Barmes was the starting second baseman for the 2009 Rockies and hit .245/.294/.440 with 32 doubles, 23 home runs and 76 RBI while fielding .982. His OPS+ was down to 82. He set franchise single season records for home runs and RBI by a second baseman, topping Eric Young Sr.'s mark for RBI (74, set 13 years prior) and Jose Ortiz's homer mark (13 in 2001). He was among the 2009 NL leaders in defensive wins above replacement (4th), caught stealing (tied for 6th with 10 despite just 12 successes) and assists (462, 2nd, 13 behind Miguel Tejada).
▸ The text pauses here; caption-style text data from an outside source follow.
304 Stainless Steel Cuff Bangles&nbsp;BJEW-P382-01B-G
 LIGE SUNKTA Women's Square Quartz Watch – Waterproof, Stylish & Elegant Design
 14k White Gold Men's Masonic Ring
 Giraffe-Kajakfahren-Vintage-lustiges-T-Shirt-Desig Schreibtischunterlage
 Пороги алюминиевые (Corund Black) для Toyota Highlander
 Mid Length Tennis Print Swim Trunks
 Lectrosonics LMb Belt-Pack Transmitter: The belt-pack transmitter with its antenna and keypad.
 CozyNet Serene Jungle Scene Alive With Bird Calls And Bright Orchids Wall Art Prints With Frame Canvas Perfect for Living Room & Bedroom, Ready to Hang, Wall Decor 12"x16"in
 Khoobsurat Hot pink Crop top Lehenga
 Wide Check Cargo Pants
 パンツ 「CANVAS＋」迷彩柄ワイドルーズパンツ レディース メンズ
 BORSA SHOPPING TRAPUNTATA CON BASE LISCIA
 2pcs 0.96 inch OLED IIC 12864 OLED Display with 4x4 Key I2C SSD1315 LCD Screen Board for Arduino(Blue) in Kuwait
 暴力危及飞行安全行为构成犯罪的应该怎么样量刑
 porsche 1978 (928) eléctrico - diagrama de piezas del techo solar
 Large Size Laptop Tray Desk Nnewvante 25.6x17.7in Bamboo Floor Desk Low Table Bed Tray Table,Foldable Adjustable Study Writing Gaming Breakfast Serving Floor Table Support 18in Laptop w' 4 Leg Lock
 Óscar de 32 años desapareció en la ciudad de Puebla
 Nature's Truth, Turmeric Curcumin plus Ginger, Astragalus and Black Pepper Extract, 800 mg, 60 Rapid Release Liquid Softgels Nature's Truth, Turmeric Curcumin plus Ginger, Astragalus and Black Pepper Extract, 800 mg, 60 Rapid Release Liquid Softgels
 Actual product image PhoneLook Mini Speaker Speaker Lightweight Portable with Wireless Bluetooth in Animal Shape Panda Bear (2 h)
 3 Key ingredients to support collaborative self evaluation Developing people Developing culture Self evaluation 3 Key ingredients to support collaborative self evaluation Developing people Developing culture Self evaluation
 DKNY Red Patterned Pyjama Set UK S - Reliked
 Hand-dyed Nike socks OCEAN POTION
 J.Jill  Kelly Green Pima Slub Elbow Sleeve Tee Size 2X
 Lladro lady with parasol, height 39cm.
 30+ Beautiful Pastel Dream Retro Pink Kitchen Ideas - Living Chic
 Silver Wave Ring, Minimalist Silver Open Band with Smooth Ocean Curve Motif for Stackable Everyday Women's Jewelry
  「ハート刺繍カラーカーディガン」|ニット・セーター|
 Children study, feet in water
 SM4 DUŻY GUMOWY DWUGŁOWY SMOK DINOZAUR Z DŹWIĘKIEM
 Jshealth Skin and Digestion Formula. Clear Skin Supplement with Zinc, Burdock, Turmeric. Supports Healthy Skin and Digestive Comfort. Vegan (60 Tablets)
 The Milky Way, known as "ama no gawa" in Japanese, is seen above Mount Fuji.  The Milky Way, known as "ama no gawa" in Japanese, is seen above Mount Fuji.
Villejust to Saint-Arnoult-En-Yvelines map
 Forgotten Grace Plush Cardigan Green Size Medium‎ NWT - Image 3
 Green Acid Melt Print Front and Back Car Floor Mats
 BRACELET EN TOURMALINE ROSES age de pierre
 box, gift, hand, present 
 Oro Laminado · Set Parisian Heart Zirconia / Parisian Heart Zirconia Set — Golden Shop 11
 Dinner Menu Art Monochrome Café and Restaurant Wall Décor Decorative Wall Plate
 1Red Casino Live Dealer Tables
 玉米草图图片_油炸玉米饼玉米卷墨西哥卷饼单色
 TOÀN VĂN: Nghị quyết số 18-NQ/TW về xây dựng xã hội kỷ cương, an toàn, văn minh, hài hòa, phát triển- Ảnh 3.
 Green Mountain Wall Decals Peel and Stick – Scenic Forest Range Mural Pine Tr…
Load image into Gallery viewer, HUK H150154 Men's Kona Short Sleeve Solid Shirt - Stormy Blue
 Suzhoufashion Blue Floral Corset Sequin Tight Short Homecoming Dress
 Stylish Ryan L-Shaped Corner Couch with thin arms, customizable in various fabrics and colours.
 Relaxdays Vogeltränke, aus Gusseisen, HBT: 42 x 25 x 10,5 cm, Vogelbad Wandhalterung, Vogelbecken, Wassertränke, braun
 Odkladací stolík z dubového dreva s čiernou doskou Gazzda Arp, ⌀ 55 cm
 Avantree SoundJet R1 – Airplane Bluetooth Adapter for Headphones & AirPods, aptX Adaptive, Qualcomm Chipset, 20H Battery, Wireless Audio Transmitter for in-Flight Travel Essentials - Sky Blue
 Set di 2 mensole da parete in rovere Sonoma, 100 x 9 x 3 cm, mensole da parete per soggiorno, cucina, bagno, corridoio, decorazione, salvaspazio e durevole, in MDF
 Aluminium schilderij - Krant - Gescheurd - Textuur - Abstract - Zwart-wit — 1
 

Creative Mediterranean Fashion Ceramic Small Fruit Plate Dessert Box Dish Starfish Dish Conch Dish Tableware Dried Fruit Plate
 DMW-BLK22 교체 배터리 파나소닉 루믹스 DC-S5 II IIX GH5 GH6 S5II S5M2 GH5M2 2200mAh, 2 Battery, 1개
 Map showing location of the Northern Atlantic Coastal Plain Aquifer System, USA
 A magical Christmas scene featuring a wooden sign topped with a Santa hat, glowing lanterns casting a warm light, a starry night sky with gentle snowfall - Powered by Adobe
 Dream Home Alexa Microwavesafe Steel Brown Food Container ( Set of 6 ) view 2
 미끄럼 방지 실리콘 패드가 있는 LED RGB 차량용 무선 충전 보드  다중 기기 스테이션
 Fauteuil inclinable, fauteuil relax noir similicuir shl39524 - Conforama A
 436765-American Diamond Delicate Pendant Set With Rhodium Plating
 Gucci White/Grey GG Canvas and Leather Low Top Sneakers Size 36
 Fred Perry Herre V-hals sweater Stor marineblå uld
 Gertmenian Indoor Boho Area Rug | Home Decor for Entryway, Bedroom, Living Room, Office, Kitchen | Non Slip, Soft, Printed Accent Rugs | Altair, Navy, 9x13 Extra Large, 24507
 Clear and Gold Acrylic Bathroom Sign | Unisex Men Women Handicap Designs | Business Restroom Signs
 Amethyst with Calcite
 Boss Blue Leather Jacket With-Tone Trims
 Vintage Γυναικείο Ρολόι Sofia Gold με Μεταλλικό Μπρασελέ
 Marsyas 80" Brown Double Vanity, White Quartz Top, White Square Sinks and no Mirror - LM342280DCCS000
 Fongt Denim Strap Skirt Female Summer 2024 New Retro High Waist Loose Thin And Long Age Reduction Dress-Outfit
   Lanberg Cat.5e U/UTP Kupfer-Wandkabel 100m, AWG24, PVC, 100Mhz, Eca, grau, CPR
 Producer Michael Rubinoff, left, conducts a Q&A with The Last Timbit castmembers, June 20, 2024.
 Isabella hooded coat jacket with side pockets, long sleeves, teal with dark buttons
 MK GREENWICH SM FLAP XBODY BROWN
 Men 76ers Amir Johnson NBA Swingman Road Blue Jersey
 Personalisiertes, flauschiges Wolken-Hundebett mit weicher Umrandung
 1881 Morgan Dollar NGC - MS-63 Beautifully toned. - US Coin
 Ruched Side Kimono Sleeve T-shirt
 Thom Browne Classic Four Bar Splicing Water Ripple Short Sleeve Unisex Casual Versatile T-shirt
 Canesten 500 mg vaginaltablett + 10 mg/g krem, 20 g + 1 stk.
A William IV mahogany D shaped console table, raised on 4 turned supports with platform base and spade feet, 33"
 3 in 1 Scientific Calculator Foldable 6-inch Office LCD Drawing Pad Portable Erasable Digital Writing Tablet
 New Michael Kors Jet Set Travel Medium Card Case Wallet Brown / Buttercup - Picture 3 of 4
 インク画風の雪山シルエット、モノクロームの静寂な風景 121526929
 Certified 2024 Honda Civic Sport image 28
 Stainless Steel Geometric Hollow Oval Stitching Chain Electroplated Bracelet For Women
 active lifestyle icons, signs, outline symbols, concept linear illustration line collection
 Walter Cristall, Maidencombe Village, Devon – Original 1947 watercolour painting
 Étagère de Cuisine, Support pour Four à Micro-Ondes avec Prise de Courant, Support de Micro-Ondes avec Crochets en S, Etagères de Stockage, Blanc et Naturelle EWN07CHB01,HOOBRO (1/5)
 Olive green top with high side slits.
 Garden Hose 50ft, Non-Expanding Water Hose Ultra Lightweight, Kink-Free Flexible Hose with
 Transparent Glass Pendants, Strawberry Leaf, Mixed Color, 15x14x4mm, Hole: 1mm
He went 0 for 14 in the NLDS. In 2010, Barmes was again the regular second baseman for Colorado, filling in at short for over a month when Tulowitzki was injured. His offensive performance declined further (.235/.305/.351, 8 homers, 67 OPS+) while he fielded .986 at second base and .974 at shortstop.

2011-2015: Astros and Pirates and Padres[edit]

Colorado dealt Barmes to the Houston Astros for Felipe Paulino and he returned to being a regular major league shortstop for the first time in five years. His batting line for the 2011 Astros was .244/.312/.386; in a lower offensive environment, his OPS+ was much better at 93. He had 27 doubles and 12 home runs while fielding .978. The 12 homers were the sixth-best total for a shortstop in Astros history. He was 5th in the 2011 NL in fielding percentage at shortstop and second to Chris Young in defensive wins above replacement. A free agent, he was signed by the Pittsburgh Pirates to replace fellow light-hitting Ronny Cedeno. Pittsburgh, under manager Clint Hurdle, was bringing in some of Hurdle's former Rockies, as they also signed Rod Barajas. The two players whose surnames started with Bar both bombed at the plate, though Barmes at least provided defense. He hit .229/.272/.321 with 8 home runs, 34 runs, 45 RBI, 20 walks and no steals for a 64 OPS+. He was among the 2012 NL leaders in defensive wins above replacement (5th, between Andrelton Simmons and David Wright), third in assists at shortstop (399, between Reyes and Brandon Crawford), tied Everth Cabrera for 5th in errors at short (16) and tied Tejada for 5th in double plays at short (72).

With the 2013 Pirates, Barmes' offensive woes resulted in a decrease of playing time as Jordy Mercer was hitting much better; Barmes still saw regular time due to his sharper fielding as the two shared the position much of the year. Clint finished with 91 starts at short, hitting .211/.249/.309 for a 58 OPS+ with just 22 runs scored and 23 RBI, while fielding .968; his OPS+ was 58 to Mercer's 118. Accepting a role as Mercer's pure backup, Clint signed a one year deal to return to Pittsburgh in 2014. He only saw action in 48 games, batting a meager .245/.328/.294 (77 OPS+) while floating all over the infield. He completed his big league career after one season roaming the infield for the San Diego Padres in 2015. An attempt to catch on with the Kansas City Royals in 2016 saw him log some time with the Omaha Storm Chasers before retiring in the middle of May.